- _Listed records_
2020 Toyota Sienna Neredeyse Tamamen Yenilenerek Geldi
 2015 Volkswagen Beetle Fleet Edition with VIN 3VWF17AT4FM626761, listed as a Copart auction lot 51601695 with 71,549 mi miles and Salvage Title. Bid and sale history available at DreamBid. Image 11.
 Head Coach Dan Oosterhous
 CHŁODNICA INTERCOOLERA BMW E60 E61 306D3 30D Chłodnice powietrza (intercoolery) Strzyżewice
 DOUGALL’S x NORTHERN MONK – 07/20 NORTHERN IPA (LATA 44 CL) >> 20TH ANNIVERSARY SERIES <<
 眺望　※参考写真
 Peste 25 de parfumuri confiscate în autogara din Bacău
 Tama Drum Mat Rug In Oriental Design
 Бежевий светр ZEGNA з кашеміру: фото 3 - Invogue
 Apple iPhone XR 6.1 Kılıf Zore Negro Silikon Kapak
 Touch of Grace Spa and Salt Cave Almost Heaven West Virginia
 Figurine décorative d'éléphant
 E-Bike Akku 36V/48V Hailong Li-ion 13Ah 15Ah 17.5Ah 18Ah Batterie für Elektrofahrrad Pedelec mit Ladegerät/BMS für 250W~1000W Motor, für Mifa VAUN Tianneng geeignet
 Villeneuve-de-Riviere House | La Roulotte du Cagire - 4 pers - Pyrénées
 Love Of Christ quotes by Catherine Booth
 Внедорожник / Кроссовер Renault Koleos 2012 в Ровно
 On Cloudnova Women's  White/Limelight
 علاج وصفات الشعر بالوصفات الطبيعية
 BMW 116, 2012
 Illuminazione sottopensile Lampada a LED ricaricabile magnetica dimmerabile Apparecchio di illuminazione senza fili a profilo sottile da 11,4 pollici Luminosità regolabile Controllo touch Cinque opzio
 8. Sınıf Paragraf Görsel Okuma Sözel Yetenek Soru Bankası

- _Work required_
All lines above from the line with "Внедорожник / Кроссовер" through the line with "BMW 116, 2012", both included, are to be set down exactly, with nothing else.

- _Output of the task_
 Внедорожник / Кроссовер Renault Koleos 2012 в Ровно
 On Cloudnova Women's  White/Limelight
 علاج وصفات الشعر بالوصفات الطبيعية
 BMW 116, 2012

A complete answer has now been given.